─── Data under study
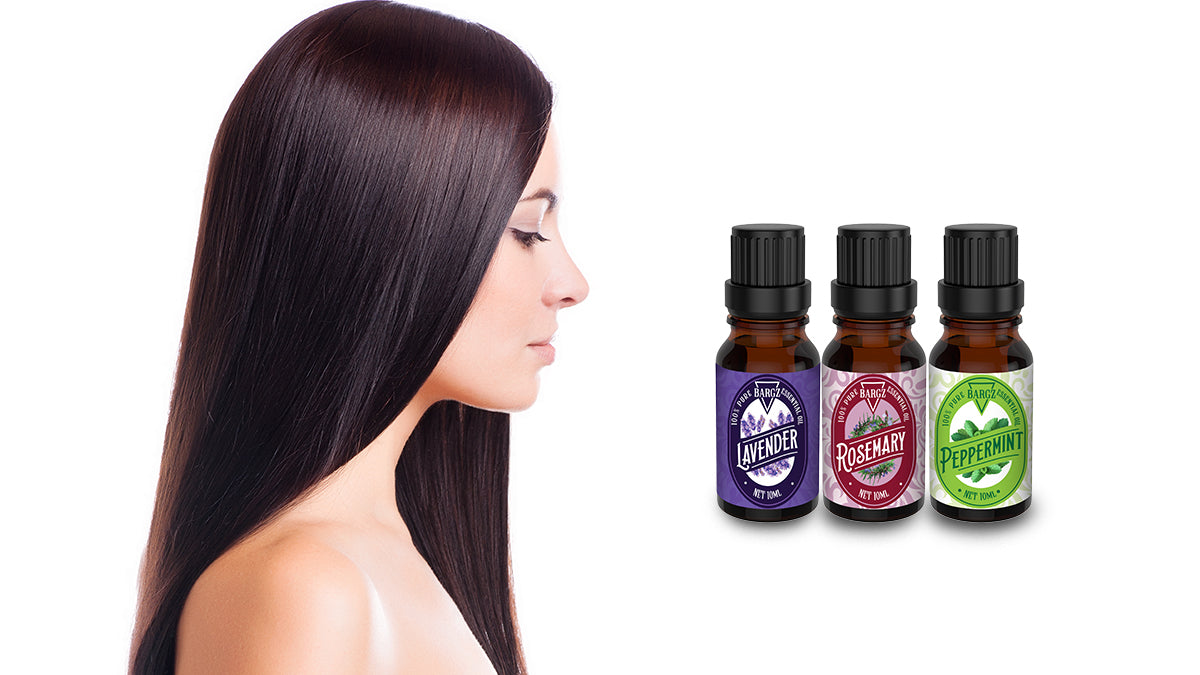 How to Make Homemade Shampoo Using Essential Oils– BargzNY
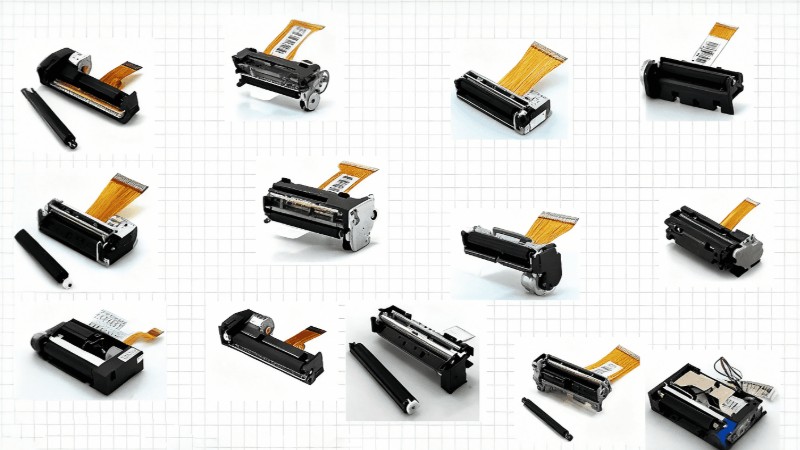 Thermal Printer Mechanism Types & How to Choose the Right One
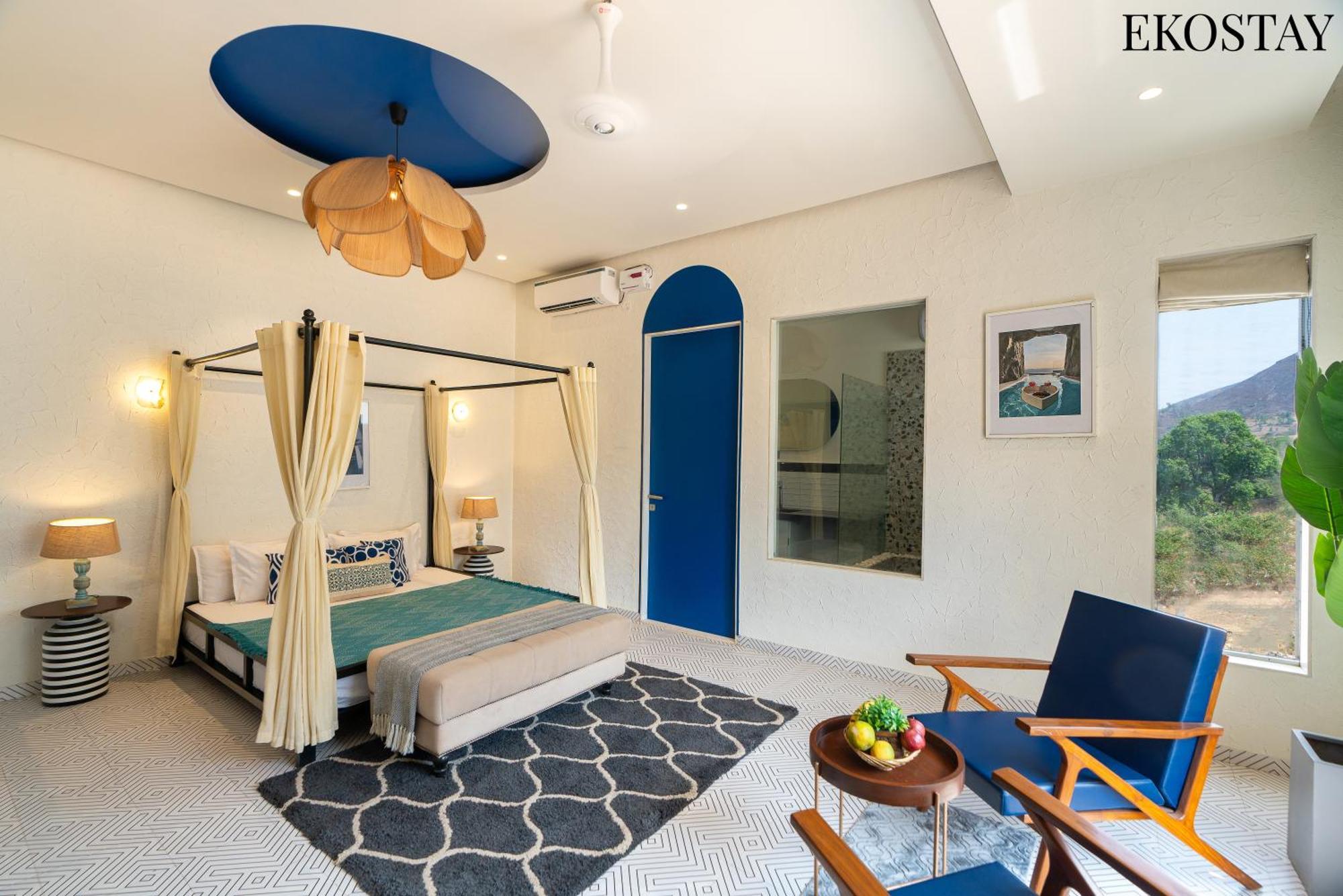 Ekostay Luxe - Hercules Villa Игатпури Экстерьер фото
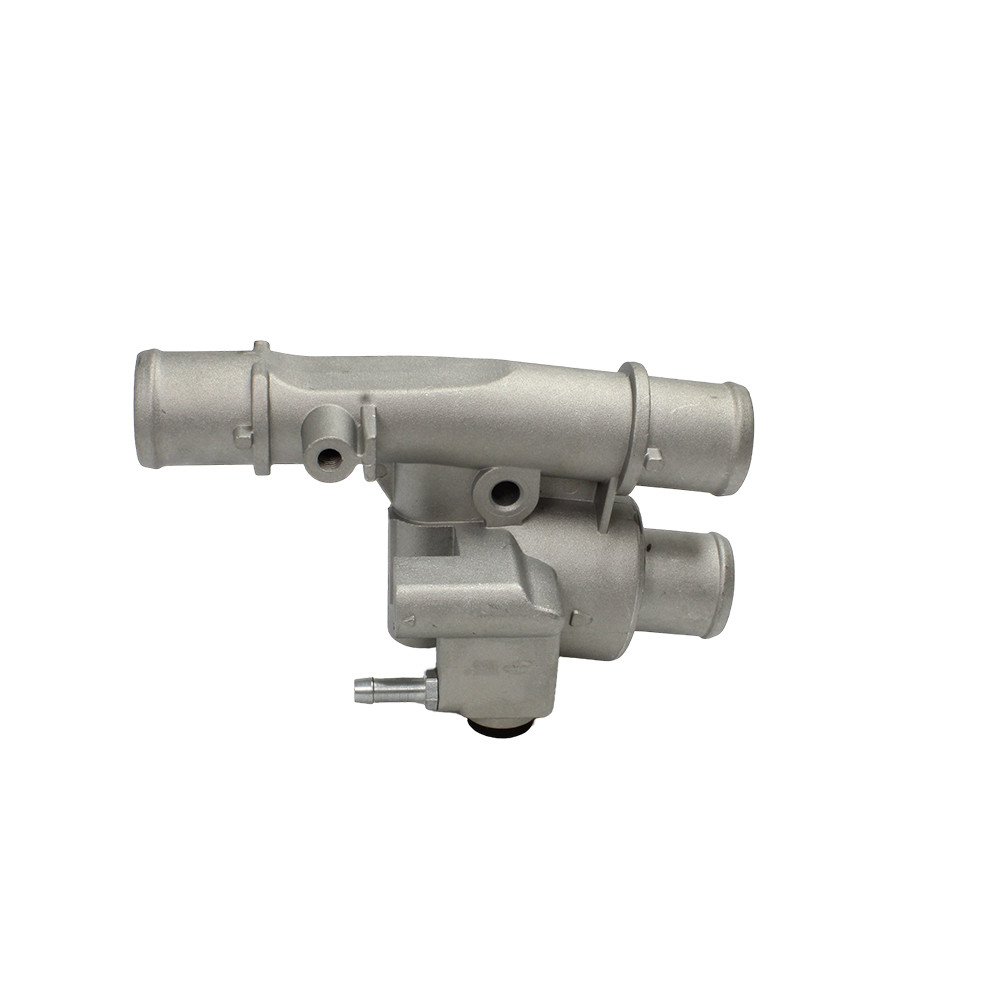 Termostato - para 2 sensores de temperatura Fiat Doblo 1.6 Con base completo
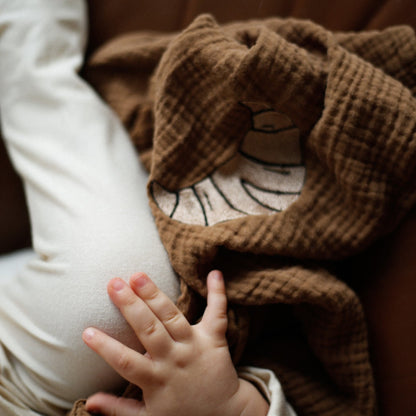 HUGE TOWEL | BETTER BROWNIE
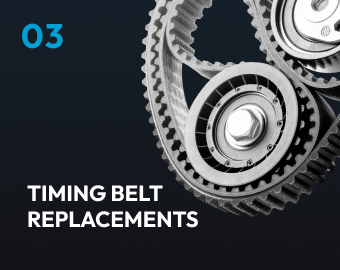 timing belt replacement service | Oscar's Automotive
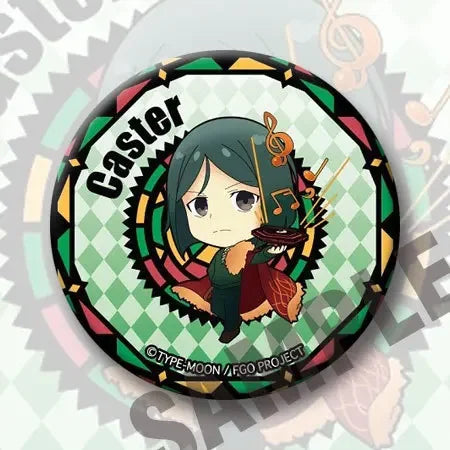 58mm Saber Novelty Special Use Hot Style Costumes Badge Anime Peripherals Backpack Decoration School Supplies for Kids Students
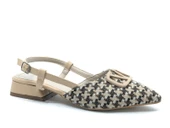 Feles 01-902 V Toka Kadın Babet Ayakkabı thumbnail 9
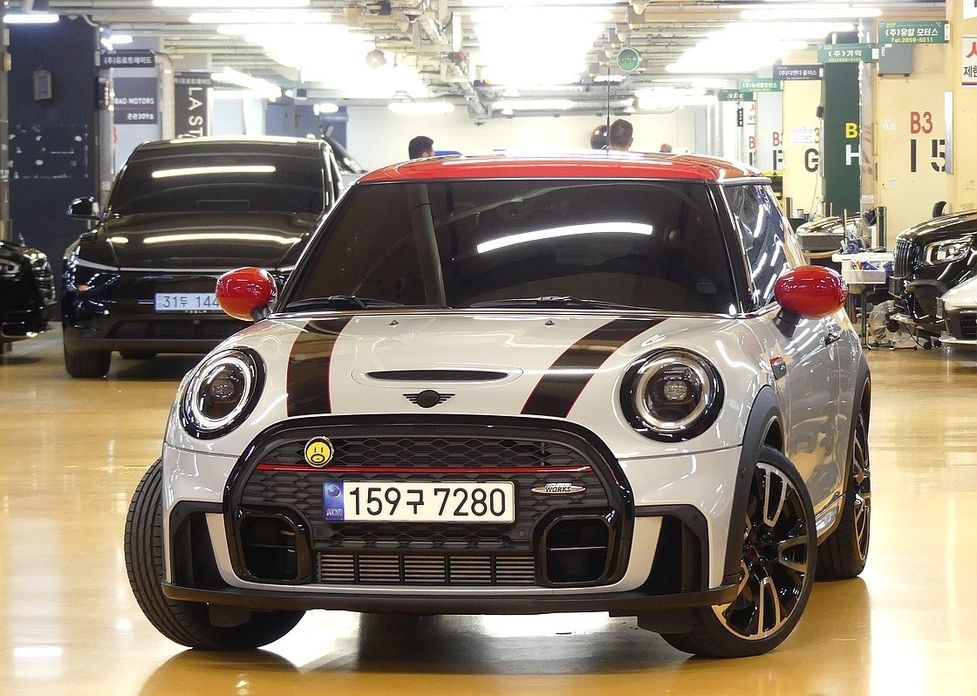 Mini Cooper 2022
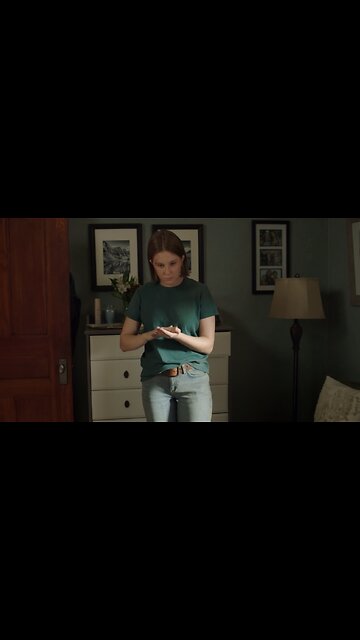 Heartland 1809 Katie Figures about Something is Wrong with Lou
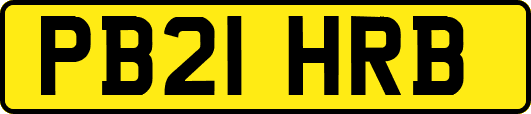 PB21HRB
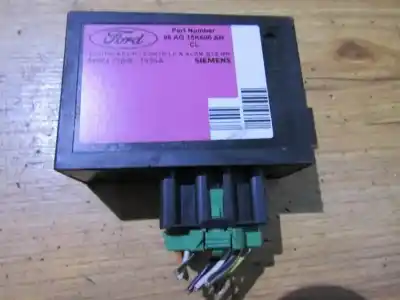 Peça sobressalente para automóvel em segunda mão  por FORD FOCUS TURNIER (CB4)  Referências OEM IAM 5WK4720B  98AG15K600AB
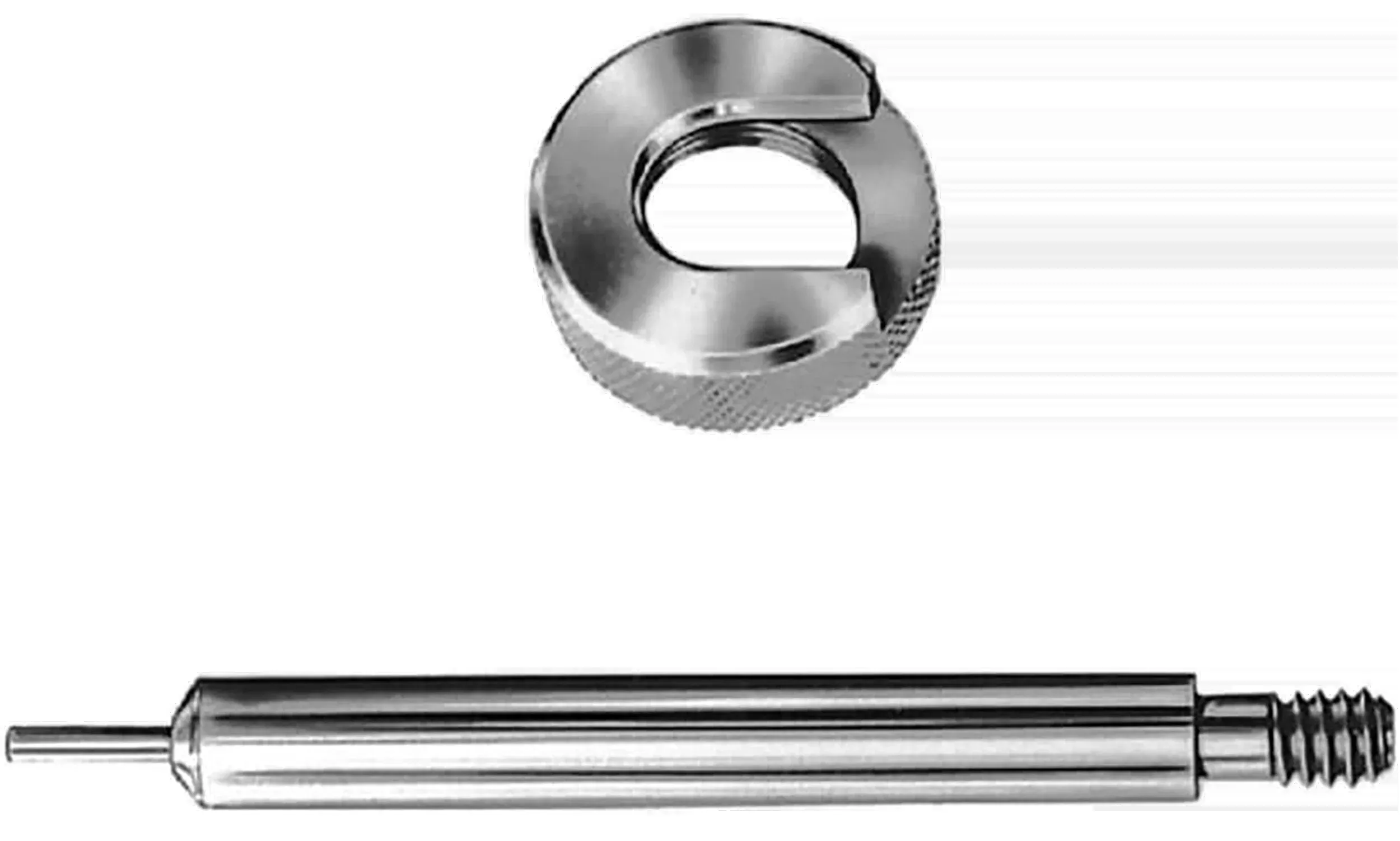 Lee 90128 Case Length Gauge 270 Winchester with Shell Holder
──────
Please give back an exact copy of the entries above from their first line through the line containing "timing belt replacement", leaving the pictures aside.

 How to Make Homemade Shampoo Using Essential Oils– BargzNY
 Thermal Printer Mechanism Types & How to Choose the Right One
 Ekostay Luxe - Hercules Villa Игатпури Экстерьер фото
 Termostato - para 2 sensores de temperatura Fiat Doblo 1.6 Con base completo
 HUGE TOWEL | BETTER BROWNIE
 timing belt replacement service | Oscar's Automotive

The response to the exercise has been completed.